→ REQUIRED WORK
Of the entries below, return only those lines from the line with "(# 14 des tendances)" to the line with "1FA6E718-0B47-4867-9A5A-BD786FA0DC05", exactly, both included.

→ INFORMATION SHOWN
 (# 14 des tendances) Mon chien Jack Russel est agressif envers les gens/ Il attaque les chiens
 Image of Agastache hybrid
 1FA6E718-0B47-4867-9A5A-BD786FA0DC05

==

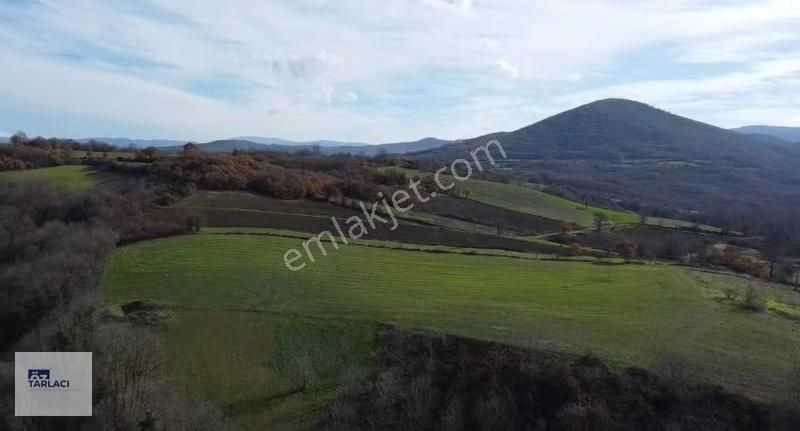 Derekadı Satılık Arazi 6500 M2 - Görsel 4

→ EXERCISE ANSWER
 (# 14 des tendances) Mon chien Jack Russel est agressif envers les gens/ Il attaque les chiens
 Image of Agastache hybrid
 1FA6E718-0B47-4867-9A5A-BD786FA0DC05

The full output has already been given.